Admitting he hardly had all the answers, Lukasiewicz said he thought “journalism does have a responsibility to democracy. We exist in a liberal democracy, because of the rules and the understandings and the norms of a liberal democracy.”
Yes, we journalists are mostly here to serve democracy, meaning the people. They are sovereign and should have the opportunity to see the bald truth play itself out and make judgments they are capable of making without journalistic opinion always intervening. Fact-checking is terrific to the extent that’s what it actually is, and the media were soon filled with assessments of Trump’s lack of truthfulness.
What I think is really going on here with Lukasiewicz and so many others is that they are scared to death about Trump being elected president again and think that, for all his grotesqueries, his performance could trick bunches into voting for him. They think people will buy his lies and some also hate Trump’s smile and his not being locked up.
In the first paragraph of a front-page story, The New York Times summed up the Trumpian political platform more or less pronounced in the town hall meeting, saying he “suggested the United States should default on its debts for the first time in history, injected doubt as to the country’s commitment to defending Ukraine from Russia’s invasion, dangled pardons for most of the Capitol rioters convicted of crimes, and refused to say whether he would abide by the results of the next presidential election.”
While none of that is new, it’s a pretty good look at the guy even though none of the above were absolute affirmations of his positions.
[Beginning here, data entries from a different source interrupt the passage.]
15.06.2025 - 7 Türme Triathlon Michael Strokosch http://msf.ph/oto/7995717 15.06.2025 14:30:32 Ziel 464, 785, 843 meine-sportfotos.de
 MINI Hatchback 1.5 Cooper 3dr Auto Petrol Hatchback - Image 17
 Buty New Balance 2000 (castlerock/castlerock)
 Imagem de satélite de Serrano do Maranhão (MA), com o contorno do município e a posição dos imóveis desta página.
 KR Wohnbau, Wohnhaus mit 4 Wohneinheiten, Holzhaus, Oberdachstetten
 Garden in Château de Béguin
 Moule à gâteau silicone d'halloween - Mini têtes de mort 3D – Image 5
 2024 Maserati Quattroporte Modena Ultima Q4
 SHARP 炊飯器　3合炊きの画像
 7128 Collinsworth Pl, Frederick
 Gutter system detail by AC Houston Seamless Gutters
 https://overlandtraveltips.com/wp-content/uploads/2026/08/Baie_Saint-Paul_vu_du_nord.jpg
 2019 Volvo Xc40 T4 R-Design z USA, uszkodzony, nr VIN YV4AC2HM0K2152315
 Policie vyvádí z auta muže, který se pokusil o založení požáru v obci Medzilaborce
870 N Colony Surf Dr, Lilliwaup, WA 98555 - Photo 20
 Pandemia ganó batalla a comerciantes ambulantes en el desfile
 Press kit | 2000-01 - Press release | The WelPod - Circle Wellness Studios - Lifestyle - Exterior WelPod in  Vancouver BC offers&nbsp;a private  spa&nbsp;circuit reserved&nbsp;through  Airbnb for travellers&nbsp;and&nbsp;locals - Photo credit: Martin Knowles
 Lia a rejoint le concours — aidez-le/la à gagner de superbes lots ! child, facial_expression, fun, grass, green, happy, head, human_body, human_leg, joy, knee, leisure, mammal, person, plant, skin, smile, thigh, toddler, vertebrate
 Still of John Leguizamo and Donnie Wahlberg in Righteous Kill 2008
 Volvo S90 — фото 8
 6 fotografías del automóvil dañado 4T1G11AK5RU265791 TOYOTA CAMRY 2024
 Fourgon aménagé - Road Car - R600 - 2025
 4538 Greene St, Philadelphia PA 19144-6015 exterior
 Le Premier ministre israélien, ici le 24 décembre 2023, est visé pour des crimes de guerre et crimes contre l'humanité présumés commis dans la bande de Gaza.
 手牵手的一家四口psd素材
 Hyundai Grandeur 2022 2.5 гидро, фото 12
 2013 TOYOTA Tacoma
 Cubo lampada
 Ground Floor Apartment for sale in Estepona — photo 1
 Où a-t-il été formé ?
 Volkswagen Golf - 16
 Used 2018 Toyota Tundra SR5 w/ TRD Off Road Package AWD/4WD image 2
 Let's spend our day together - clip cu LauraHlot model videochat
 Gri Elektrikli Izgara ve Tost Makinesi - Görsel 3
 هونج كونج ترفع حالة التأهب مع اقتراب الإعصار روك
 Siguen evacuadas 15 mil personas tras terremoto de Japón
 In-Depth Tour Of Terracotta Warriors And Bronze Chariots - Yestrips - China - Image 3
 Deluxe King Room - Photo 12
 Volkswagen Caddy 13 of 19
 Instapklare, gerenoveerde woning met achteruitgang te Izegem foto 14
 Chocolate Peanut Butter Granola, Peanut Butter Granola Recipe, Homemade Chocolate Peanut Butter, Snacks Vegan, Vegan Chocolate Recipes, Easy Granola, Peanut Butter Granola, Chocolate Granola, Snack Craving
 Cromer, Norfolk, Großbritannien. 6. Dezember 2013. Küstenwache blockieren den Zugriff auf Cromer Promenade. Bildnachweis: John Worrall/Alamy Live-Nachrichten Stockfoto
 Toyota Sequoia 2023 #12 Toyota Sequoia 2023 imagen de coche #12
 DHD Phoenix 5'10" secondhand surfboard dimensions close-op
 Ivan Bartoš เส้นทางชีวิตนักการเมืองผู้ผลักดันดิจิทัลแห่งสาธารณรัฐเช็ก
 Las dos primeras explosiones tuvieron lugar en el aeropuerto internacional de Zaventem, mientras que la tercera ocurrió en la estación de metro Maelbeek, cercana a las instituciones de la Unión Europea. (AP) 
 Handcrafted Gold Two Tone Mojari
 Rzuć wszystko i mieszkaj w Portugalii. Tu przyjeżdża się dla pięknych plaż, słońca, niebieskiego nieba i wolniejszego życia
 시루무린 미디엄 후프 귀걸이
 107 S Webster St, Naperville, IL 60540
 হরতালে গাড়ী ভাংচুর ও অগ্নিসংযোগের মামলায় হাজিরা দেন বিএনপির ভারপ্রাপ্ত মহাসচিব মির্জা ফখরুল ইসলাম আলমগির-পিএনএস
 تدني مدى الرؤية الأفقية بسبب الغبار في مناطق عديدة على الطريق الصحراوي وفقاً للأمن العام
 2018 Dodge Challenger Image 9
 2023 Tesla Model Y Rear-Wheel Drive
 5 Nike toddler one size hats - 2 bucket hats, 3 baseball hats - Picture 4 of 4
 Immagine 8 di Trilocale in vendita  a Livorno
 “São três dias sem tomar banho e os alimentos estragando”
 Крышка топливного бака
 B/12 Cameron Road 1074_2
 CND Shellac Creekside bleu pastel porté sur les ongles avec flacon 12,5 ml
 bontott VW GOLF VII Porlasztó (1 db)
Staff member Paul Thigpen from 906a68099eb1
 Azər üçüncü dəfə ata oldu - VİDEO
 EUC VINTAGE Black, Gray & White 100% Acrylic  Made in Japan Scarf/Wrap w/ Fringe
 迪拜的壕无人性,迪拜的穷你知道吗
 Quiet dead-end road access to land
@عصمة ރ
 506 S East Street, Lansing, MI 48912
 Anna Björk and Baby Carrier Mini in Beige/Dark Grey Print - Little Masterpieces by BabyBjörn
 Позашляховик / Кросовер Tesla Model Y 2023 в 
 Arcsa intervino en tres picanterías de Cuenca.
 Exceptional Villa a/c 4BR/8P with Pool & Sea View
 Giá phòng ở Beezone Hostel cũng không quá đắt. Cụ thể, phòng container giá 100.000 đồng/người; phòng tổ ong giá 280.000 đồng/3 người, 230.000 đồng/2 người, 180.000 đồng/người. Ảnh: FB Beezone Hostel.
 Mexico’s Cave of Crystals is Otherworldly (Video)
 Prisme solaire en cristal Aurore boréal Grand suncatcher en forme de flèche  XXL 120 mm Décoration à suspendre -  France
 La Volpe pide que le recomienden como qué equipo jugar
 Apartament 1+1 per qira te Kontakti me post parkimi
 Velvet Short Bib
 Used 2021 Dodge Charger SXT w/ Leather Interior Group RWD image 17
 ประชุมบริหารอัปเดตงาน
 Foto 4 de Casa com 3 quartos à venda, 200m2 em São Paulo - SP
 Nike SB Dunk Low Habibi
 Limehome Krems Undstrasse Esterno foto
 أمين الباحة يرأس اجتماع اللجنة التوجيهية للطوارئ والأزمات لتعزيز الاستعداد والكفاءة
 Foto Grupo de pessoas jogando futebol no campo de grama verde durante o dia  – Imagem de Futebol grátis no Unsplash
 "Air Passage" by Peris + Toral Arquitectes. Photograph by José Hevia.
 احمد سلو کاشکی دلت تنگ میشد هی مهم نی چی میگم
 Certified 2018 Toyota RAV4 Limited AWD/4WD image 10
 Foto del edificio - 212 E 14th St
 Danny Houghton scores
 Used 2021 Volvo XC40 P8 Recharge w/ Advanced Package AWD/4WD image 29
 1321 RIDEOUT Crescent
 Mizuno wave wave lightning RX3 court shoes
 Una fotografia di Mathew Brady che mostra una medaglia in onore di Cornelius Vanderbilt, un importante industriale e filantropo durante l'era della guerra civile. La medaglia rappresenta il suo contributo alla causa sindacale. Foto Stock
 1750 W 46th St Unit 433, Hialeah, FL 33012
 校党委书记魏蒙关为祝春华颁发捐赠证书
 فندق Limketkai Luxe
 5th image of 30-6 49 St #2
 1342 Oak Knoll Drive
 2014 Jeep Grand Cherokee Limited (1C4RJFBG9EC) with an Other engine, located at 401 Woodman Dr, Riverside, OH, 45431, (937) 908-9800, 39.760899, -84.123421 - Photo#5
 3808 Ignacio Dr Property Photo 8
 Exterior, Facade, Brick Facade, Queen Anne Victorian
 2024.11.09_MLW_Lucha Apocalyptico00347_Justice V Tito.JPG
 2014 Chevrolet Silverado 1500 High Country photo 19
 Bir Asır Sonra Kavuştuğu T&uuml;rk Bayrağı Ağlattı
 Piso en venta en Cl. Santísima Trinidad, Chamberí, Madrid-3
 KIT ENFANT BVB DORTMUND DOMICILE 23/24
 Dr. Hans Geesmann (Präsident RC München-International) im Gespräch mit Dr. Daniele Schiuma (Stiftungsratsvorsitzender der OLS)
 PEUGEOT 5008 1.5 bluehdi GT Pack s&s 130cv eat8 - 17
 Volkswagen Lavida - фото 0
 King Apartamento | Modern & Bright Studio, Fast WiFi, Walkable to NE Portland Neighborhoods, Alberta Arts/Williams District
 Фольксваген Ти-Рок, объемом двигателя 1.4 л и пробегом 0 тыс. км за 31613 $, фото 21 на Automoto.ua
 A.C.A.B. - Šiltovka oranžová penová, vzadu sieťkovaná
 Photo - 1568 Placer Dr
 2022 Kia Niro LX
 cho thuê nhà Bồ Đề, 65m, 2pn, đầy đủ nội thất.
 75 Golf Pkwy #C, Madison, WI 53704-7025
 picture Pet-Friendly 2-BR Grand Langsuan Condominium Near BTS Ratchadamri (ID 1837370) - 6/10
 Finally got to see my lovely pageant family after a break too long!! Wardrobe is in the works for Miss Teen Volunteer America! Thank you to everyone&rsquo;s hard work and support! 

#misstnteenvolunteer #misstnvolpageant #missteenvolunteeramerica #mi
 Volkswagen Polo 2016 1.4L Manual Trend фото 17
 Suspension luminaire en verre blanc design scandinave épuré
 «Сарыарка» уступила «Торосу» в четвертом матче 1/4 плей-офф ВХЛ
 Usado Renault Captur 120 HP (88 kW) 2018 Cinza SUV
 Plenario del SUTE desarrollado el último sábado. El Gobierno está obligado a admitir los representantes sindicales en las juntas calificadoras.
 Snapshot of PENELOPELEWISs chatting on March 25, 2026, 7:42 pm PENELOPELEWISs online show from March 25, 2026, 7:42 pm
One of the most disgusting things about him is his obsession with the 2020 election and saying it was a fraud.
As for sticking Trump in an inaccessible basement somewhere, remember that Biden won in 2020 by hiding out in a basement.
I don’t want Trump to be our next president any more than I want Biden, but I believe public education is to some degree lost by wrongly refashioning journalism to hide national threats instead of exposing them.